The company recently announced to have made significant progress at the Leigh Creek, pre-commercial demonstration (PCD). Earlier the company has reported the initial results related to three phases of the gasification process. The gasification has an ignition phase, with a second phase involving pyrolysis and the final phase of commercialization.
The company reported data and results of production which indicates that the LCEP has successfully reached stable production within the gasification phase while operating at low flow rates. The company is working on the improvement of flow rates for the In-Situ-Gasification.
Below are the listed milestones in the Gas Production:
- The generator is operating within expected parameters indicating a significant decline in oxygen in the syngas.
- Results as per December 29, 2018 indicated that the PCD was producing all the gases needed to make ammonia and urea.
- Results as of January 7, 2019 showed that the same gases were still being generated and methane production has currently reached 20% of the total produced gas.
The pre-commercial development results indicate that the In-Situ-Gasification has the potential to enable a shift in the cost economics of Fertilizer production.
Ammonia and urea are created by reformation of Natural Gas into synthesis gas or syngas. The process in Australia involves fertilizer producers to purchase natural gas at prices between $8 and $12 per GJ and then reform that gas incurring an extra cost to produce the syngas. The syngas is needed as the feedstock for ammonia and urea production. The only current producer of Urea in Australia has recently stated that every $1 increase in gas feedstock cost reduces their profitability by A$14m and hence it lowers the economic viability of the company.

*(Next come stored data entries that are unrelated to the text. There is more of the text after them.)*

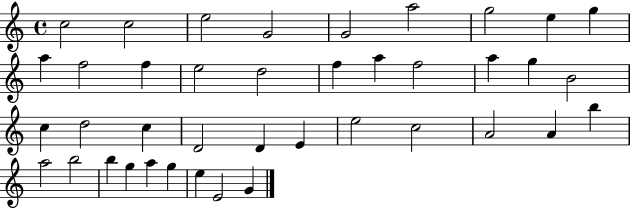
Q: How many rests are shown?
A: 0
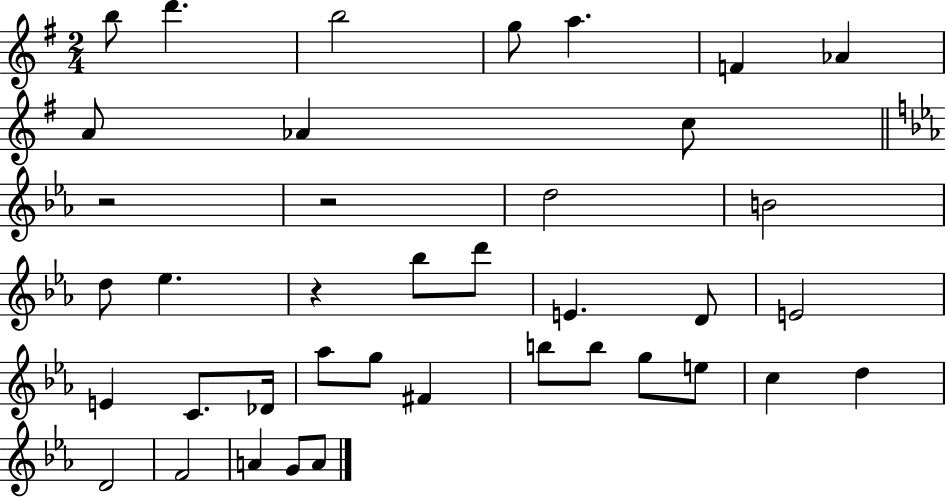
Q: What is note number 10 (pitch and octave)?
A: C5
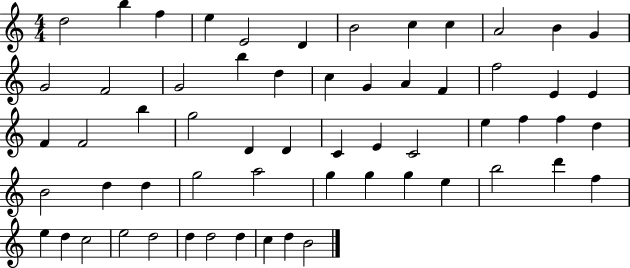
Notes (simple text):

D5/h B5/q F5/q E5/q E4/h D4/q B4/h C5/q C5/q A4/h B4/q G4/q G4/h F4/h G4/h B5/q D5/q C5/q G4/q A4/q F4/q F5/h E4/q E4/q F4/q F4/h B5/q G5/h D4/q D4/q C4/q E4/q C4/h E5/q F5/q F5/q D5/q B4/h D5/q D5/q G5/h A5/h G5/q G5/q G5/q E5/q B5/h D6/q F5/q E5/q D5/q C5/h E5/h D5/h D5/q D5/h D5/q C5/q D5/q B4/h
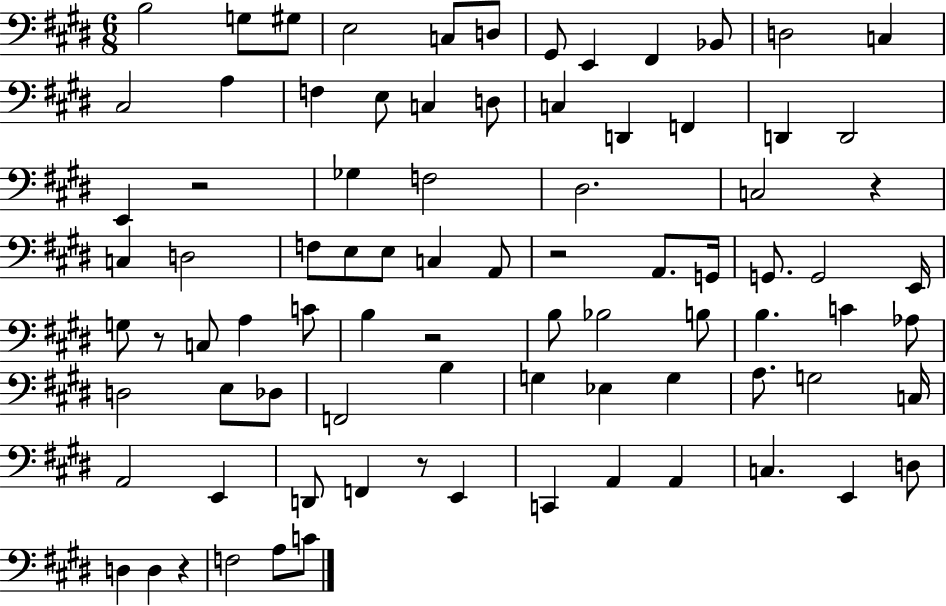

The Managing Director of the company Phil Staveley commented that after careful and expert management of the gasifier, the production of gases needed for ammonia and urea is currently taking place. The process of achieving the commercial quality of syngas production is a proof of lower technical risks of operating in-situ gasifiers at the Leigh Creek site, and it states the expertise of the company to the industry and stakeholders. Once, the company achieves commercial rates of gas flow and associated data, and they will provide further details on the pathway to commercialization.
Now, let us quickly look at the performance of Leigh Creek Energy’s stock and the return it has posted over the last few months. The stock of Leigh is currently trading at $0.120. It opened at $0.120 and posted a day’s high of $0.120, with touching a day’s low of $0.115. The stock increased by 4.348% approximately during the day’s trade. The company posted a negative YTD return of 4.17% and produced a negative return of 32.35% over the last six months period. It has a 52-week high price of $0.340 and a 52-week low price of $0.085.